Beetroot and Butternut Curried Dahl

Beetroot and Butternut Curried Dahl

Ingredients

  • 1 onion
  • 1 garlic
  • 1 tbsp Coconut Oil
  • 1 tsp grated fresh turmeric
  • 1 tsp cumin seeds
  • 1 tsp ground coriander
  • 1 tsp ground ginger
  • 1 tsp fennel seeds
  • 150g red lentils
  • 230g butternut squash (2cm cubes)
  • 500ml water
  • 4 curry leaves
  • 60g tomatoes
  • 2 tbsp Bioglan Superfoods Beetroot powder
  • 200g cauliflower
  • 20g fresh coriander to serve
  • Sliced fresh chilli
  • Optional garnish: 1 tbsp desiccated coconut
  • 1 tbs fennel seeds
  • 2 tbsp cumin seeds

Method

In a frying pan (this is important to use a frying pan not a sauce pan) sauté for 2 minutes with the onion garlic turmeric, spices in the coconut oil and then add ¼ cup water and leave for another 2 minutes, then add lentils. Add 300ml water and simmer for 2 minutes. Next, add 200ml water and butternut squash and cook for 5 minutes.

Add the curry leaves, tomatoes and beetroot powder and simmer for a further 5 minutes.

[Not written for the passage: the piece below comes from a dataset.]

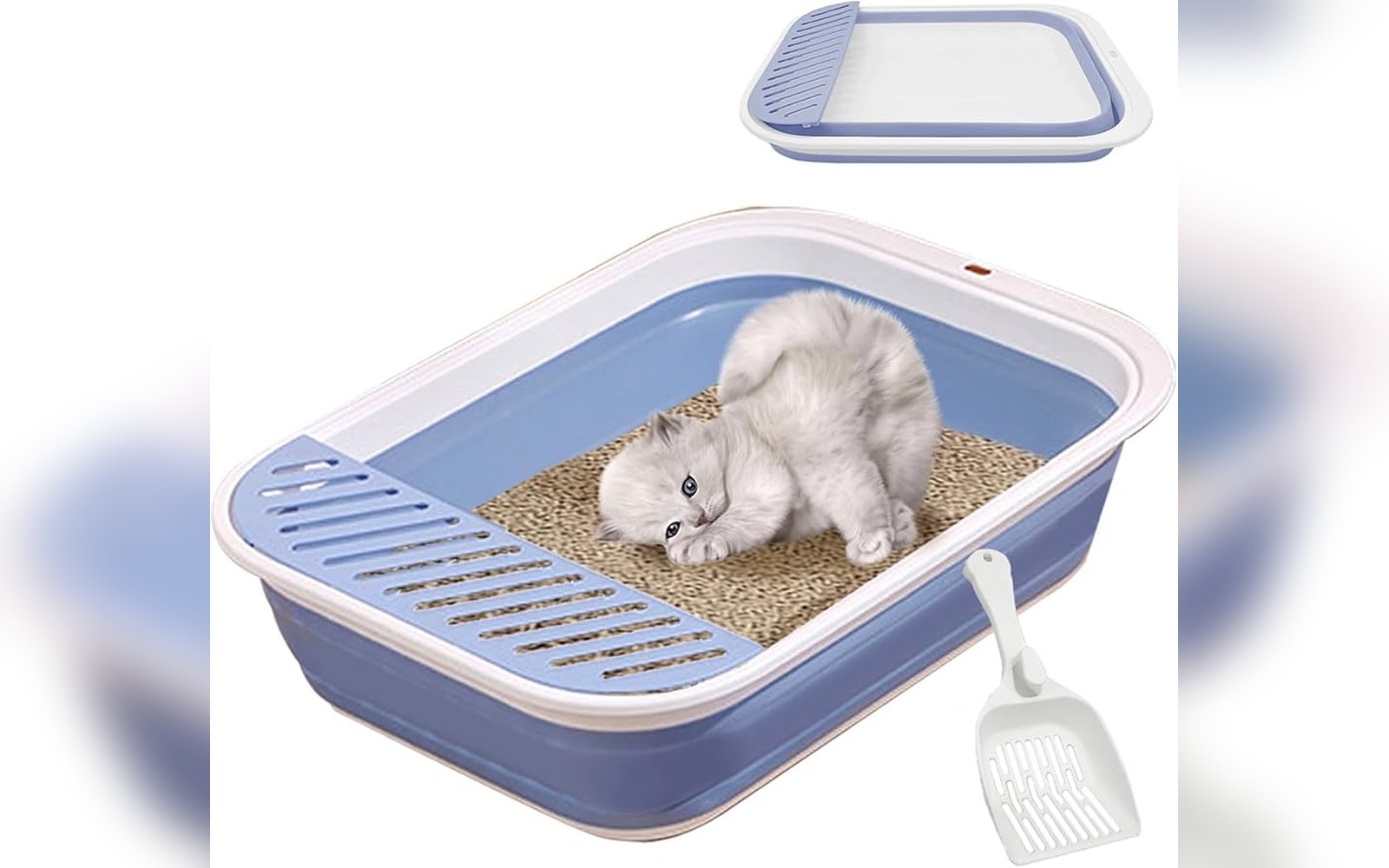 صندوق رمل قطط مع مجرفة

Add cauliflower and stir on a medium to low heat until the cauliflower softens

To make the optional garnish, put all ingredients into a dry frying pan and leave to toast for 2-3 minutes until the coconut goes golden. Take off heat and sprinkle over the top.

Serve with fresh coriander and sliced fresh chilli.